JP 6196257 discloses a microwave oven with a concave base. The concave base reflects microwave radiation to increase the heating efficiency and increase the number of hot spots within the microwave oven due to focusing of the reflected microwave radiation.

Of the above disclosures, only EP 0000797 and WO 92/03358 seek to disperse incident microwave radiation thereby creating more uniform heating, whereas most of the disclosures seek to concentrate microwave energy in particular spots thereby increasing the heating in those spots.

The inventor has realised that the problems with prior art devices for dispersing microwave radiation include complicated production processes, involving layering discrete microwave reflecting regions on a dielectric substrate, or perforating a microwave reflector material prior to encapsulating it in protective materials.

Summary of the Invention According to the present invention there is provided a device for dispersing microwave radiation. Incident microwave beams are reflected from the device in the form of spherical wave fronts called planes. These planes will cover more localised areas and will do so more evenly. Secondly the planes will have less intensity at a given point from the initial contact than would the incident microwaves, thus when interference occurs and the wave fronts superimpose the

intensity will represent the sum of those two waves at that point, meaning the reflective planes all have less intensity than the initial waves.
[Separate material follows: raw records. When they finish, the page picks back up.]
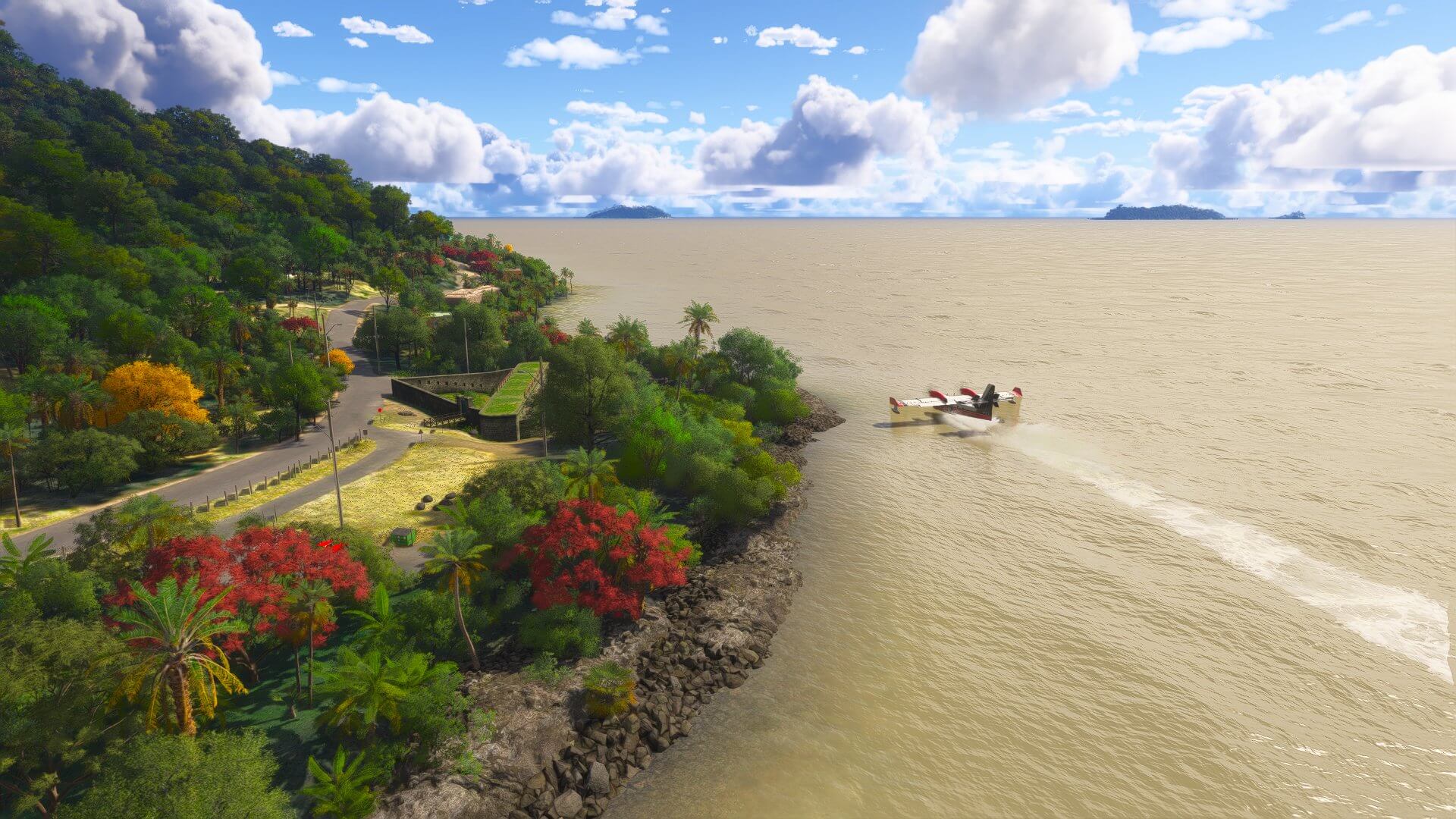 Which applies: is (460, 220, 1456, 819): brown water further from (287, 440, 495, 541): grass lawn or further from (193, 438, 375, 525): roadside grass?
(193, 438, 375, 525): roadside grass

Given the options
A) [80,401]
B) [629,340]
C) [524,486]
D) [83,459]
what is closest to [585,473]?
[524,486]

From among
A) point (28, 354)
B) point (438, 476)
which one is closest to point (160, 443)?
point (438, 476)

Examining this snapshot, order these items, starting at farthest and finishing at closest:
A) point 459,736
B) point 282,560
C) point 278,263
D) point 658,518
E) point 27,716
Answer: point 278,263 < point 658,518 < point 282,560 < point 459,736 < point 27,716

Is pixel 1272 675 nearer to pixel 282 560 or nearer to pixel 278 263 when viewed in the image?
pixel 282 560

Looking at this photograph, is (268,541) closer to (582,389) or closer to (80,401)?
(582,389)

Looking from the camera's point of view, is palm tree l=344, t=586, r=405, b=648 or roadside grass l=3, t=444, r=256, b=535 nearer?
palm tree l=344, t=586, r=405, b=648

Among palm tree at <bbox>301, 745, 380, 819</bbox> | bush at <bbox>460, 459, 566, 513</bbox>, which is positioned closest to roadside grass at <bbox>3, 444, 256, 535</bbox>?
bush at <bbox>460, 459, 566, 513</bbox> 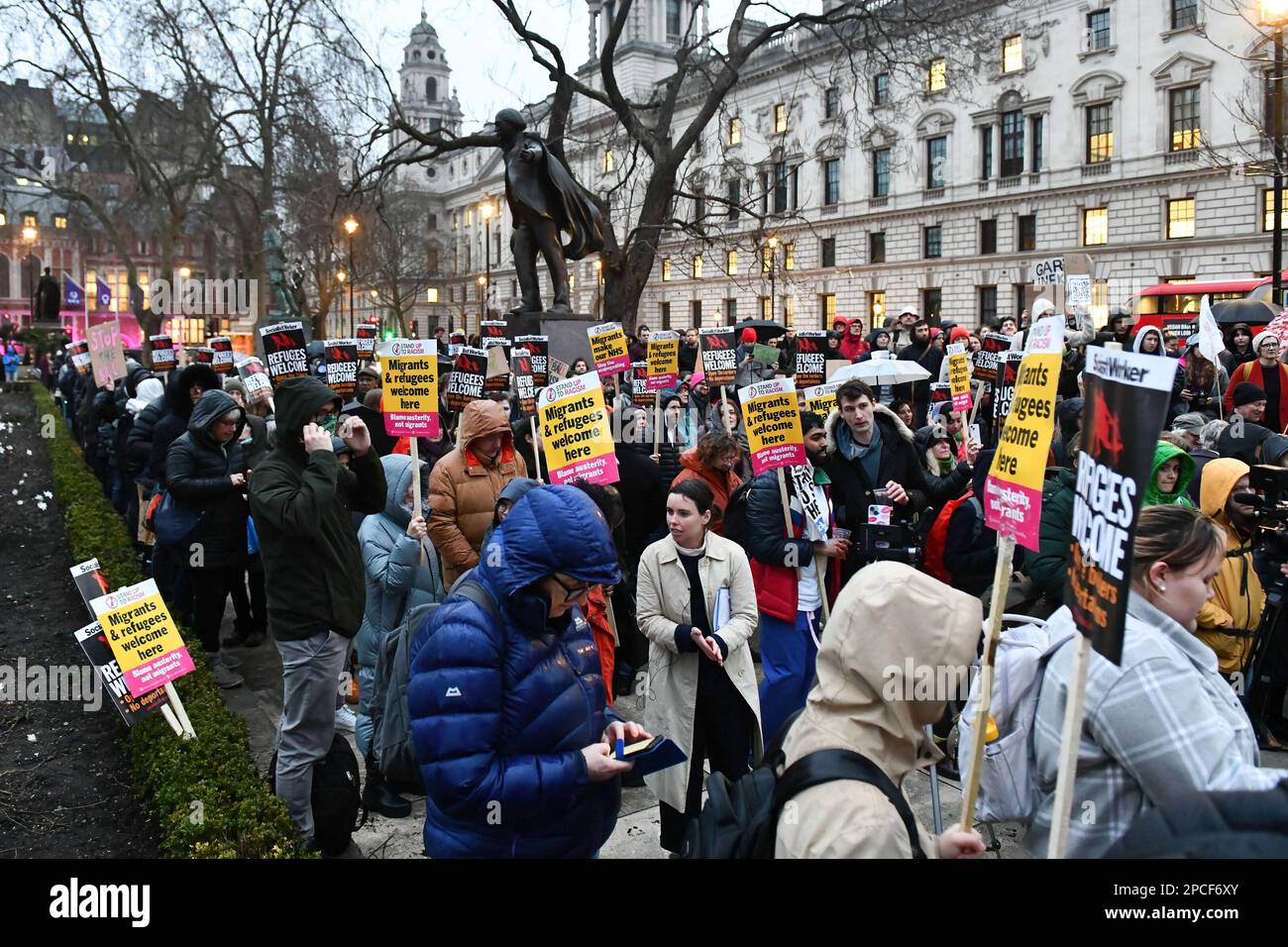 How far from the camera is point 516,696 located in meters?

According to a first aspect, there is provided a device for dispersing microwave radiation during microwave oven heating comprising: a reflective material configured to reflect incident microwave radiation; and at least one raised portion located on said device; wherein said at least one raised portion is configured to substantially disperse reflected microwave radiation.

Preferably, the device for dispersing microwave radiation during microwave oven heating comprises: a dielectric substrate; wherein said reflected material substantially covers a surface of said dielectric substrate.

Preferably, the device for dispersing microwave radiation comprises a convex bulge on a surface of said device.

Preferably, the convex bulge is substantially hemispherical.

Preferably, the raised portion has a maximum dimension in a range of 2 mm to 2000 mm.

Preferably, a plurality of raised portions are disposed on said device in a predetermined pattern.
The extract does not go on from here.